The main idea behind microservices is to break down large, monolithic systems into smaller, more manageable components that can be developed, tested, and deployed independently. This approach allows for greater flexibility, scalability, and resilience and enables teams to work independently on individual services.

However, testing microservices can be challenging due to their highly distributed and independent nature. You have to ensure that each service is functioning correctly in isolation and in collaboration with other services. Testing microservices requires a comprehensive approach that includes automated unit, integration, and end-to-end testing to ensure that the system is reliable, scalable, and resilient.

This guide explains why integration tests are a great way to test the interaction between microservices in the larger system of microservices. It examines a few examples of cross-service integration tests to explain the advantages of integration testing in this context.

Why Integration Testing Is Useful When Building Microservices

Firstly, let’s be clear: all types of tests are good if they tell you whether your software is good or not.

However both unit and end-to-end tests have drawbacks. Unit tests rarely give you enough confidence for automatic decision making of whether a particular commit is good to go to production. And end-to-end tests requires environments too similar in complexity to production to be maintainable.

Integration tests hit the sweet spot because they’re easy to create and maintain, and they’re easy to run on developer machines. This makes them ideal for a single source of truth for quality. By using the same technologies and actually using all the code paths without mocking code, they exercise the system in conditions close enough to production to be a good indication of whether things work or is broken.

Benefits of Integration Testing for Microservices

Let’s look at the major benefits of integration testing for microservices in more detail.

Ensuring Proper Communication between Microservices

Integration testing in a microservices architecture allows developers to detect and address issues early in the development cycle. It helps identify compatibility issues between services, dependencies that need to be resolved, and communication issues. Without integration testing, it’s easy for developers to miss defects that can cause problems when services are combined.

As an example, suppose two developers are each working on an employee and department microservice. If the employee microservice sends a request to the department microservice with the wrong ID, the department microservice would return the wrong department name. More cases where communication between microservices can go wrong include the following:

  • When serialization logic differs between service
  • When message schemas don’t match on the producer/consumer end
  • Incompatibility of broker configuration in each service, for instance, a mismatch due to protocol settings
  • A topic/destination configuration mismatch

Unit tests would not catch this defect as they test the functionality of only each microservice in isolation. However, integration testing allows developers to simulate the interaction between the microservices and catch this defect before deploying to production.

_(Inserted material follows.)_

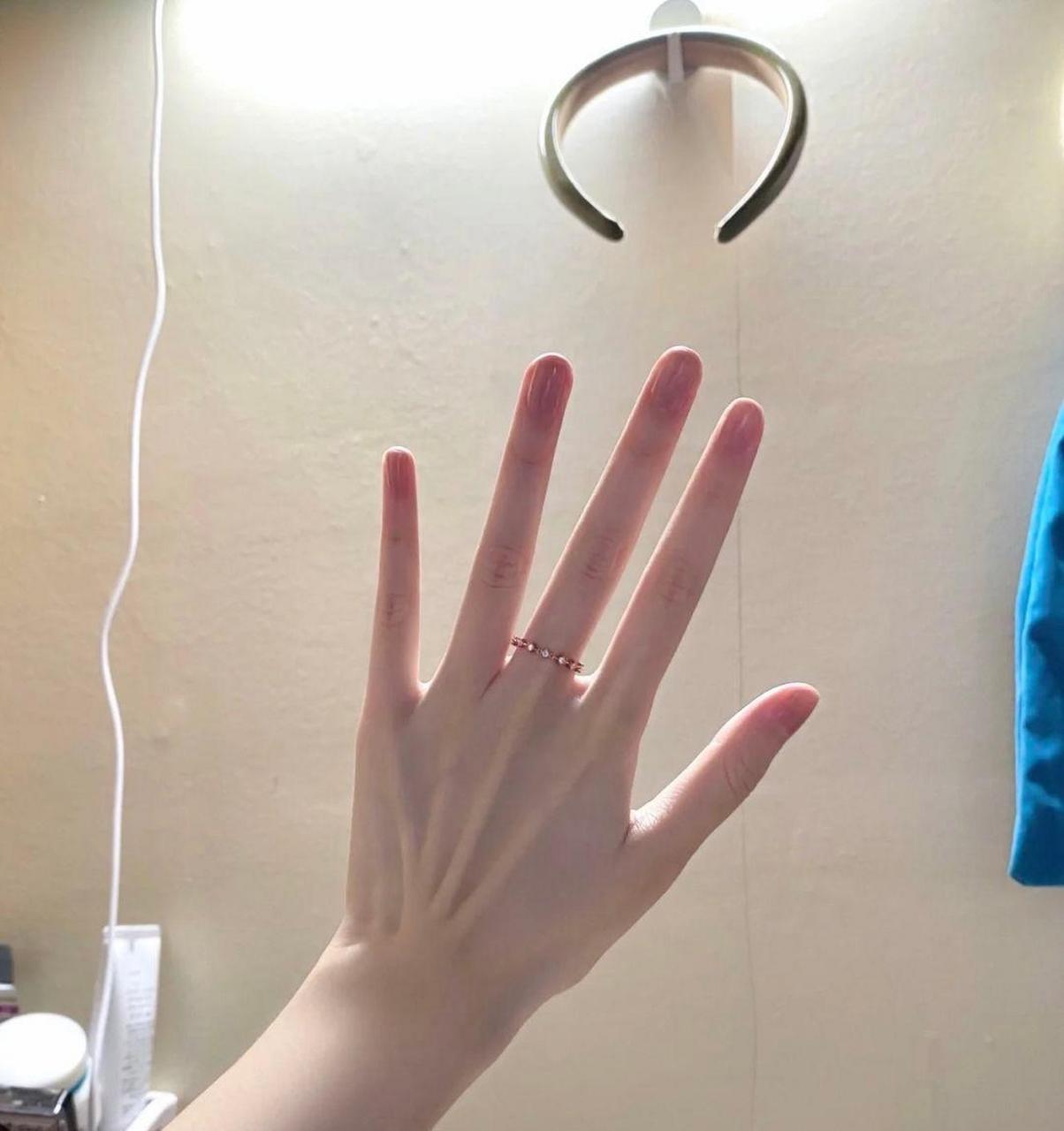 纤长的手指,肯定很舒服吧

This brings us to the next point.

Simulating Real-World Scenarios

Integration testing makes it easier to identify and resolve issues that could occur in a production environment. When multiple services are deployed to a production environment, it can be challenging to identify issues quickly. Integration testing helps identify issues in a continuous integration environment by simulating real-world scenarios, which is a far less costly process than detecting them in production.

Improved Reliability

Integration testing helps reduce the risk of downtime and improves the reliability of microservices. As more services are added, the interactions between these services become more complex, and the probability of failure and the potential impact on performance increases. Without integration testing, it becomes increasingly challenging to identify the root cause of an issue, resulting in a poor application experience or long downtime.

For example, suppose you have an e-commerce system that consists of four microservices—order, customer, product, and payment. When a customer places an order through the system, all four of these microservices need to be available and coordinate together for an order to be successfully placed. Even one service that’s unavailable or not returning a response on time will result in a system availability or reliability issue. Performing integration testing to simulate such scenarios in advance would help to mitigate such issues.

Improved Maintainability

Integration testing facilitates the maintenance of microservices by reducing the complexity of the system. It helps to identify dependencies and communication channels between services, making it easier to make changes to the microservices. Also, when a change is made to one service, the impact on the other services can be determined, easing up maintenance.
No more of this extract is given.